My advice is not to store them for a long time. This is not conducive to your safety. For safety and carbon emission reduction considerations, USB plasma lighters are a better choice. They will not cause fuel leakage, and have a longer life than bic, which can be used for at least 2 years.


----------



## Denton

jacksonon said:


> My advice is not to store them for a long time. This is not conducive to your safety. For safety and carbon emission reduction considerations, USB plasma lighters are a better choice. They will not cause fuel leakage, and have a longer life than bic, which can be used for at least 2 years.


Yeah, because that pesky butane gas is such a carbon-emissions violator.
For the sake of the planet, don't flick your Bic! Start your fire some other way.


----------



## Back Pack Hack

Don't let AOC see this thread.... she'll want to start banning lighters like she banned cow farts.


----------



## Bigfoot63

Have found bics that were going on ten years, still lit but had a shorter life expectancy.possibly low on fuel when they were lost to the drawer. I prefer the zippo and back up strike anywhere kitchen matches. Just an observation,but my wife can kill a bic lighter in two weeks.


----------



## Mad Trapper

Denton said:


> Yeah, because that pesky butane gas is such a carbon-emissions violator.
> For the sake of the planet, don't flick your Bic! Start your fire some other way.

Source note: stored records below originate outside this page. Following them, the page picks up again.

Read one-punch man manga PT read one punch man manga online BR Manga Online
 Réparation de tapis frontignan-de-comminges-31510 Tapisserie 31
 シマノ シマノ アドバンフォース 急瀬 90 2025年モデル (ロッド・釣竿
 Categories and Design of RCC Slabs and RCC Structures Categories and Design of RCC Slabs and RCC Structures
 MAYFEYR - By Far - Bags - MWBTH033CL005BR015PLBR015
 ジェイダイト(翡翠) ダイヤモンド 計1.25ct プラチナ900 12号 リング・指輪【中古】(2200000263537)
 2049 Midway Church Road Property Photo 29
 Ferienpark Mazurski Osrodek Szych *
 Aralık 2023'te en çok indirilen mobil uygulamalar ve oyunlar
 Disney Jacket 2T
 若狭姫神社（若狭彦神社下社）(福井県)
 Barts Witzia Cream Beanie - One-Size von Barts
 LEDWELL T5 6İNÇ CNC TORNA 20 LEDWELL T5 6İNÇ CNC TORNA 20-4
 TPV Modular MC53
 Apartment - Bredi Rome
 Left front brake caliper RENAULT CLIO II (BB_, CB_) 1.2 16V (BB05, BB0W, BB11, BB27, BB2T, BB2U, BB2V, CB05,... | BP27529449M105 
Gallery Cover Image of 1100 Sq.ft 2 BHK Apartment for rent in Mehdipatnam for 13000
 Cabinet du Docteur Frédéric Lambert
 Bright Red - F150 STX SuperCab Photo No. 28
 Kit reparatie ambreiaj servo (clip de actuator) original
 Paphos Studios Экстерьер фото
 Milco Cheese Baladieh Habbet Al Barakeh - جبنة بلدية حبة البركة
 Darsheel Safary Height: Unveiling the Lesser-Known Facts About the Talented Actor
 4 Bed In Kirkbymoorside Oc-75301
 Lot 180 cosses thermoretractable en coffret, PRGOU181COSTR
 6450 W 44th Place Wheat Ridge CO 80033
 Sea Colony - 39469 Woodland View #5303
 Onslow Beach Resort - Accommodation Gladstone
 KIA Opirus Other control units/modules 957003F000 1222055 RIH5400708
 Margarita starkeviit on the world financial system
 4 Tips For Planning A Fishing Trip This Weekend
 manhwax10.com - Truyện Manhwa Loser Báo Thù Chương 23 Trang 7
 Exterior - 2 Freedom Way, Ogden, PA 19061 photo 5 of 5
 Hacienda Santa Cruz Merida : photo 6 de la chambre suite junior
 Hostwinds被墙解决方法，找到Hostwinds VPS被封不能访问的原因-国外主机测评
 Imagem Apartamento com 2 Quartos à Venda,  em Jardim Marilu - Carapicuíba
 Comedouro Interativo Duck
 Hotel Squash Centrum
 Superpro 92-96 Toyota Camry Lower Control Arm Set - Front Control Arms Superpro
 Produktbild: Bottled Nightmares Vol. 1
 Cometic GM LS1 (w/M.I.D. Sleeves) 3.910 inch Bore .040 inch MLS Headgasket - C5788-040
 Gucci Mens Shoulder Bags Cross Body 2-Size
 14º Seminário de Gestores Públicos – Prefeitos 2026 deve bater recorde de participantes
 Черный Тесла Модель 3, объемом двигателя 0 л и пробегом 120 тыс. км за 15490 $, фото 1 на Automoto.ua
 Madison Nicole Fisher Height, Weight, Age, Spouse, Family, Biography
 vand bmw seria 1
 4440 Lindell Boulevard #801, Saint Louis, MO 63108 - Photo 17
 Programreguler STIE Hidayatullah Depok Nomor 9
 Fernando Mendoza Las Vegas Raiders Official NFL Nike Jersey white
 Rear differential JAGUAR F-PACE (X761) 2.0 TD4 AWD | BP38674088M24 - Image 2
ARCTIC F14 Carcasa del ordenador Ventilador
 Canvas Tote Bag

Greta Thunberg approved. CO2 emissions depends on skill. Un-limted shelf life. Recyclable materials.

View attachment 106181


View attachment 106183


----------



## SOCOM42

Bigfoot63 said:


> Have found bics that were going on ten years, still lit but had a shorter life expectancy.possibly low on fuel when they were lost to the drawer. I prefer the zippo and back up strike anywhere kitchen matches. Just an observation,but my wife can kill a bic lighter in two weeks.


I have dozens of them stored, I do not use them, strictly a SHTF product.

They still work and the fuel is still full after 20 years or so.

Would buy a few at the checkout counter at Wall World, then put them up in storage.


----------



## Mad Trapper

I keep a bunch around, where I might need them: shop, by wood stove, propane/acetylene torch (sparker is MUCH better), tractor/truck/car, tool boxes, a stash in home , and when backpacking: 1 in pants pocket, 1 in backpack pocket, 1 in cooking gear, 1 with candle lantern. Redundant is good, if you misplace/loose one.

I always carry one in pants pocket, just like my folder knife. 2 in BOB.

I can make bow drills but takes a while and in bad weather getting materials/starting fire can be cranky/cold, sometimes for me still can't do it (rain/snow/wind). 

Strike anywhere matches should be in BOB and anyplace where it gets REAL COLD. Butane don't work at < oF temps. You can shellac/varnish them (spar) to make waterproof. VERY thin wax coat works too, but use VERY hot wax and leave just a THIN coating on the match.

Flint/steel works good too especially if you have magnesium shavings. That is a learned skill if using a piece of stone and your knife.


----------



## paraquack

If the fuel in a Bic is butane and I believe it is, butane is compressed to liquify it
The boiling point (temp) at which butane turns to a gas is right around 30 degrees F. 
By raising its pressure to about 225 PSI, it will remain liquid at 100 F.
By reducing the ambient temp of storage, the pressure will decrease.
So, store your Bic lighters in the freezer.


----------



## Go2ndAmend

I don’t know how long they last, but I do know they will not work at altitude above around 9000 feet when the temps drop below freezing.


----------



## Prepadoodle

I've had these things last, and I've had ones that leak. It's way too hit or miss for me to rely on.

Stuff a handful of them into a canning jar, add the lid and band, but don't tighten it. Put the jar into your freezer for an hour or so. The air inside will contract and suck in a little more air. Now take it out, tighten the band, and store it in a cool place. The air inside will expand as it warms, and you will have a slight pressure inside. Even if your lighters do leak, they will stop once the pressure inside the lighter is equal to the pressure in the jar. Since you started with some pressure, they might not be able to leak at all.

Lighters stored like this should last as long as you can contain the pressure, which is probably a very very long time.


----------



## shooter

So I was cleaning some boxes that belong to my mom who passed away about 8 years ago and found some bic lighters. They all worked, and I am sure many of those where older then the 8 years as my mom had stopped smoking 6+ years before she passed away. So I think just in everyday storage they can last a long time.


----------



## SOCOM42

Four years ago I brought about a couple dozen + of refillable, thin long necked grill lighters for a buck each.

They were at a discount store called Ocean State, there was a huge box of them, next time there, they were all gone.

At wally world I bought some Ronson multi-fill butane canisters for a few buck each to refill the igniters.

Each Coleman gasoline, gas lantern or oil lamp around here has one of them attached to it.

All the lighters are still full of fuel and have never used the refill cylinders except for some dining room candles. 

I did try the Ronson canister on one lighter that seemed a little low, it worked and none ever leaked out.


----------



## Alteredstate

I have several from 2008. Stored in a ziplock bag in the dark standing upright. All have worked perfectly.


----------



## SEOhioPrepper

I had several that I had stored for a couple of years. The gas didn't leak out but the all the flints turned to powder. The lighters became useless.
SEOhioprepper


----------